The paper, titled “Who Sold During the Crash of 2008-9? Evidence from Tax-Return Data on Daily Sales of Stock,” was co-authored by Reck, his fellow doctoral candidate Bryan Stuart, Michigan economics professors Stefan Nagel and Joel Slemrod, Ohio State accounting professor Jeffrey Hoopes and IRS research analyst Patrick Langtieg.

While the IRS data provided new means for assessing who unloaded equities during the crisis, it doesn’t give a complete picture, the authors note. Absent from the numbers are share purchases, which would provide net selling data. It’s also possible that people increase levels of selling from non-taxable retirement accounts during crises.

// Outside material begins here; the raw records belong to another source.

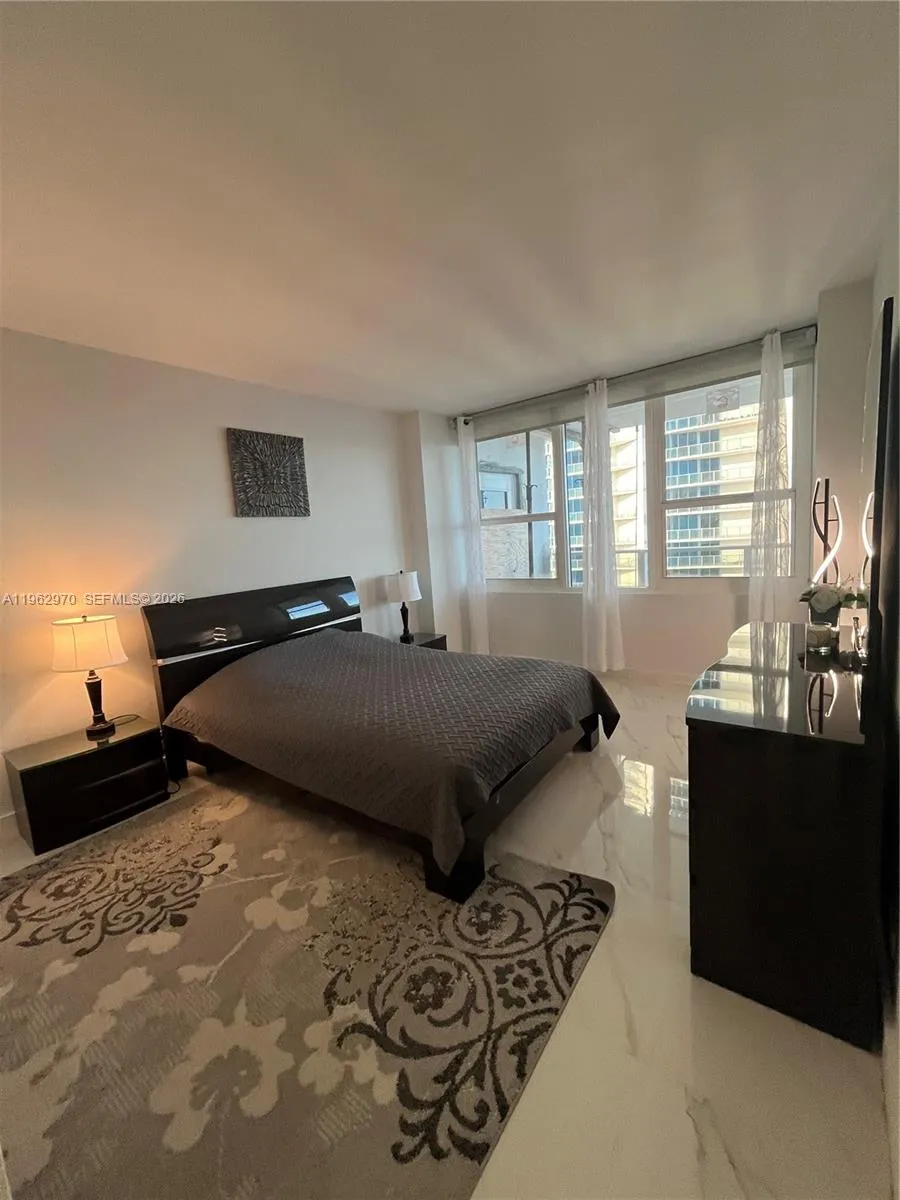 3505 S Ocean Dr #1510 Hollywood, FL 33019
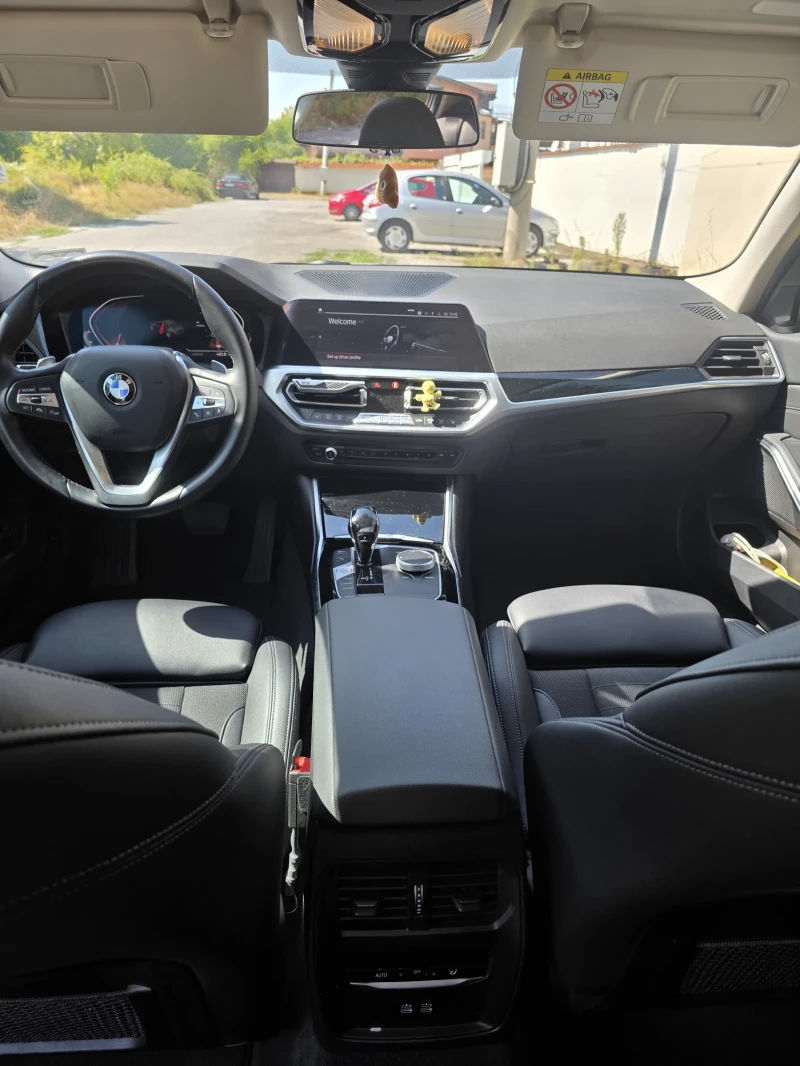 BMW 320 Mild hybrid, снимка 14 - Автомобили и джипове - 51598412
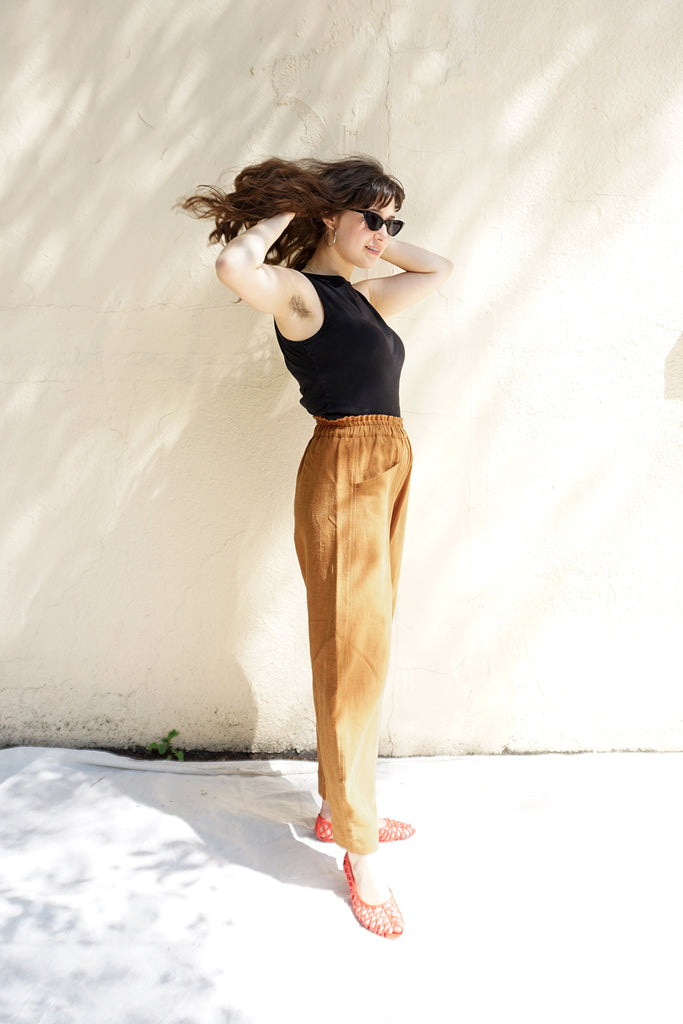 PANTALON FLOR ARCA - CARAMEL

So were people who sold during the 2008 rout guilty of a behavioral bias involving market timing or just good traders? Both could be true. Someone selling early in the plunge avoided at least part of the biggest equity wipeout since 1937, which saw the S&P 500 plummet 57 percent.

At the same time, holding stocks since the 2007 peak hasn’t been a money-losing proposition. The S&P 500 has posted annualized return of almost 6 percent since the high point in October 2007.

“At this point it’s too early to tell whether market timing has been successful,” Reck said. “We have the data -- we know what they sold and we can tie it to historical stock prices. But right now, we’re not conclusive one way or the other.”